Let a time series be {w_t:t=1,…n}. If the elements of the series, w_i, are independent and identically distributed (i.i.d.), with zero mean, variance σ^2 and no serial correlation (i.e. Cor(w_i,w_j)≠ 0,∀ i≠j) then the time series is discrete white noise (DWN).

In particular, if the values w_i are drawn from a standard normal distribution (i.e. w_t ∼ N(0,σ^2)), then the series is known as Gaussian White Noise.

In a random walk, each term, x_t depends entirely on the previous term, x_(t−1) and a stochastic white noise term, w_t:

x_t = x_(t−1) + w_t

An extention of the random walk is the autoregressive model as it incorporates terms further back in time. Thus the AR model is linearly dependent on the previous terms.

Autoregressive Model of order p

A time series model, {x_t}, is an autoregressive model of order p, AR(p), if:

x_t = α_1 * x_(t−1) +… + α_p * x_(t−p) + w_t, where {w_t} is white noise.

Moving Average Model of order q

MA is a linear combination of the past white noise terms.

Intuitively, this means that the MA model sees such random white noise “shocks” directly at each current value of the model.
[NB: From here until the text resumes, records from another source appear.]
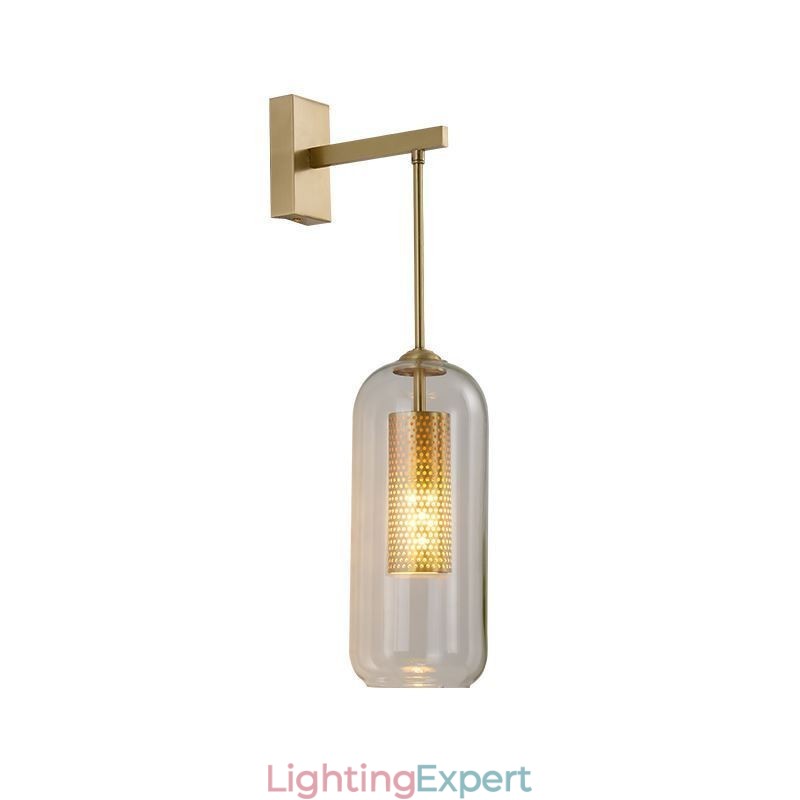 Nordic Brass Wall Lamp Inner Hollow out Cylinder Glass Lamp Shade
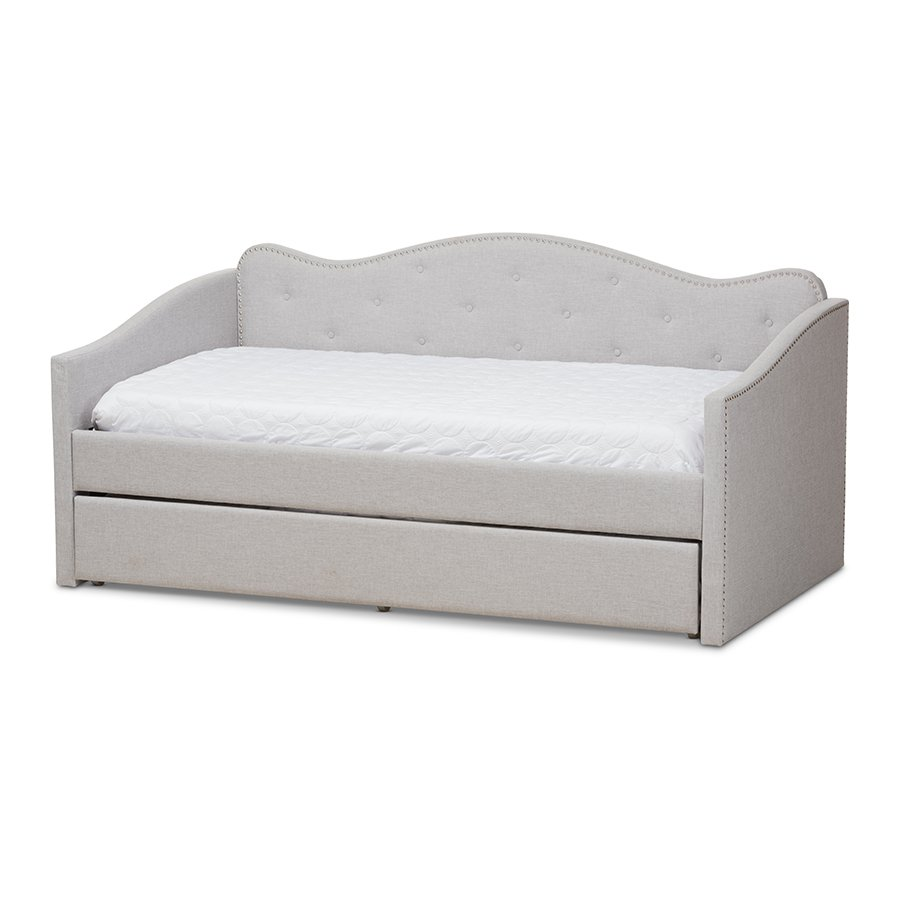 Kaija Modern and Contemporary Greyish Beige Fabric Daybed with Trundle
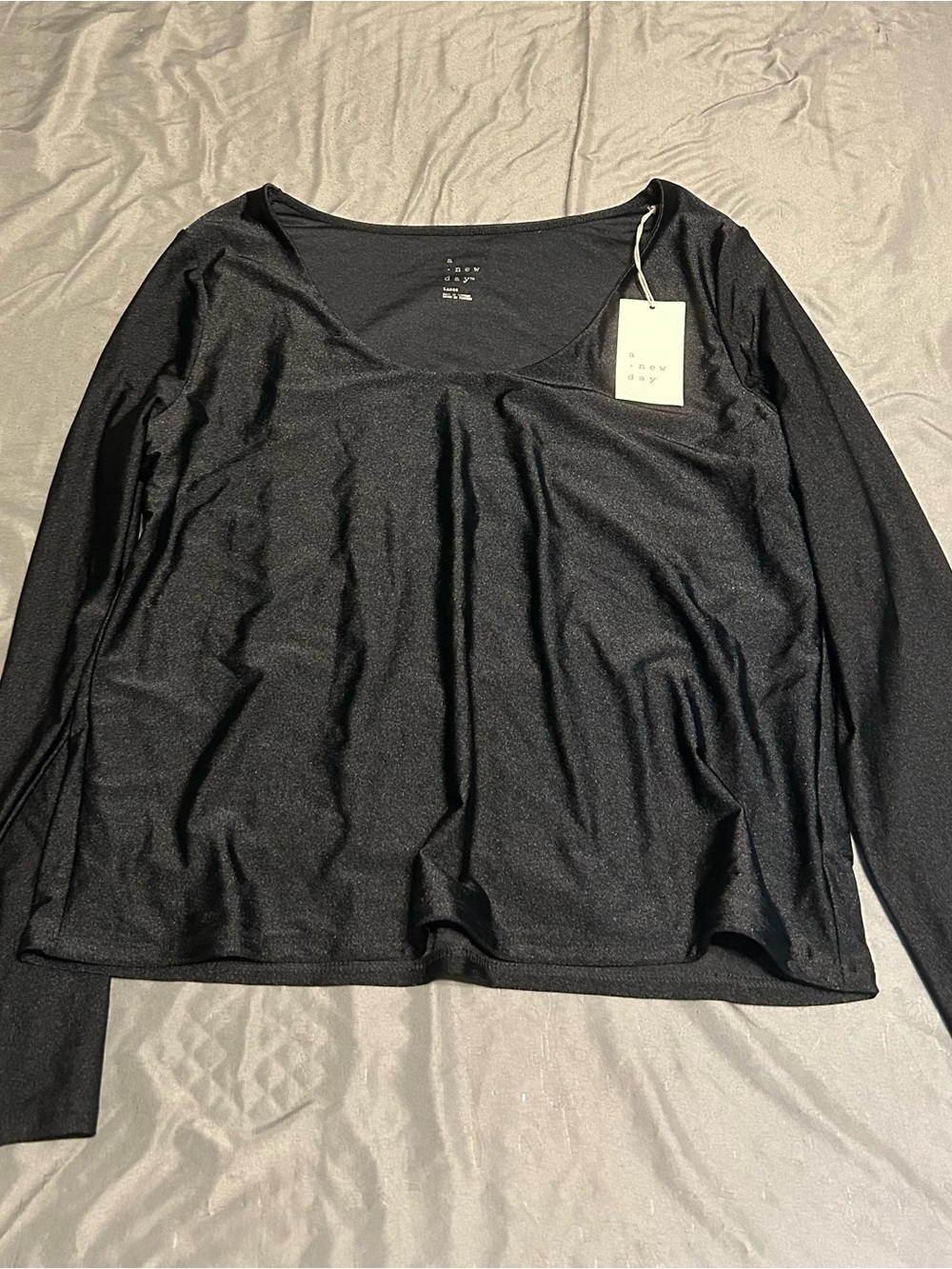 A New Day Women's Black Satin Long-Sleeve Scoop Neck Top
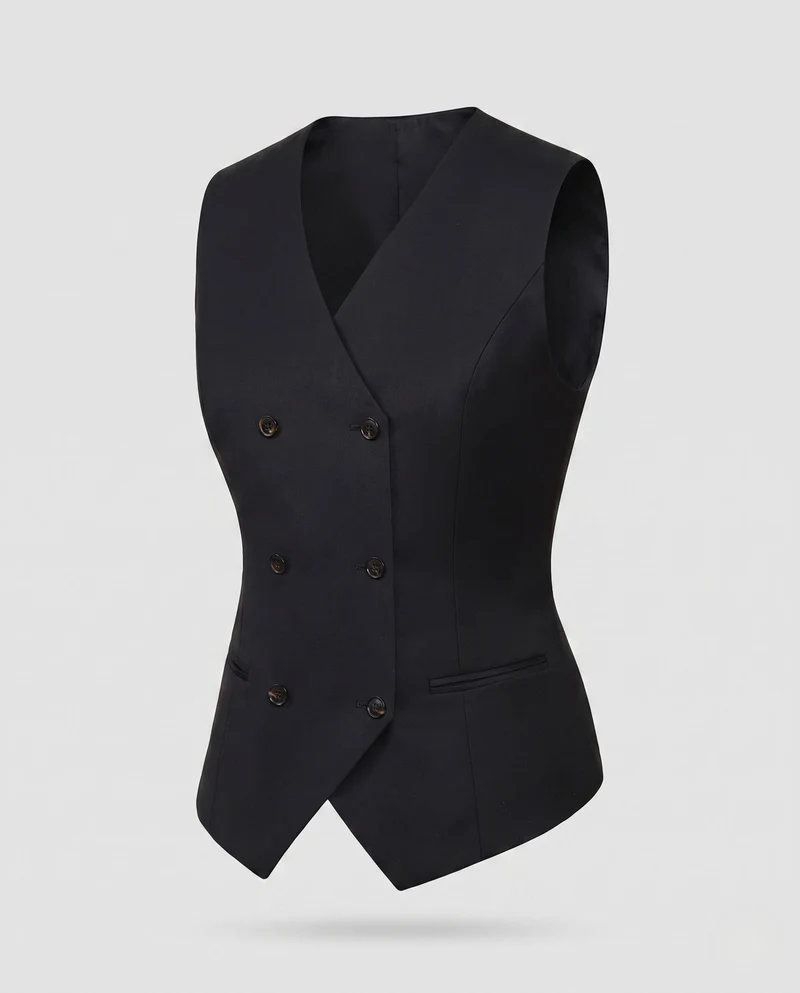 Herren Elegante Doppelreihige Anzugweste Nord Taschen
This is in contrast to an AR(p) model, where the white noise “shocks” are only seen indirectly, via regression onto previous terms of the series.

A time series model, {x_t}, is a moving average model of order q, MA(q), if:

x_t = w_t + β_1 * w_(t−1) +…+ β_q * w_(t−q), where {w_t} is white noise

Autoregressive Moving Average Model of order p, q

A time series model, {x_t}, is an autoregressive moving average model of order p,q, ARMA(p,q), if:

x_t = α_1 * x_(t−1) + α_2 * x_(t−2) +…+ w_t + β_1 * w_(t−1) + β_2* w_(t−2) …+ β_q * w_(t−q)

Where {w_t} is white noise with E(w_t) = 0 and variance σ^2.

The former AR model considers its own past behaviour as inputs for the model and as such attempts to capture market participant effects, such as momentum and mean-reversion in stock trading.

The latter model is used to characterise “shock” information to a series, such as a surprise earnings announcement or unexpected event (such as the BP Deepwater Horizon oil spill).

Applying a difference operator to a non-stationary or a random walk series {x_t} gives a stationary or a white noise {w_t} series.

∇x_t=x_t − x_(t−1) = w_t

ARIMA repeatedly differences d times to make a stationary series.

Unit root or non-stationarity tests

We can use the statistical hypothesis unit toot tests to objectively determine whether the series requires differencing. In our analysis, we use the Augmented Dickey Fuller test.

The time series is modeled as: z_t = α * z_(t−1) + w_t, wherein w_t is discrete white noise. The null hypothesis is that α = 1, while the alternative hypothesis is that α < 1. In this test, the null hypothesis is that the data is not stationary or it is unit root, and we look for evidence that the null hypothesis is false. Consequently, small p-values (e.g., > 0.05) suggest that differencing is required.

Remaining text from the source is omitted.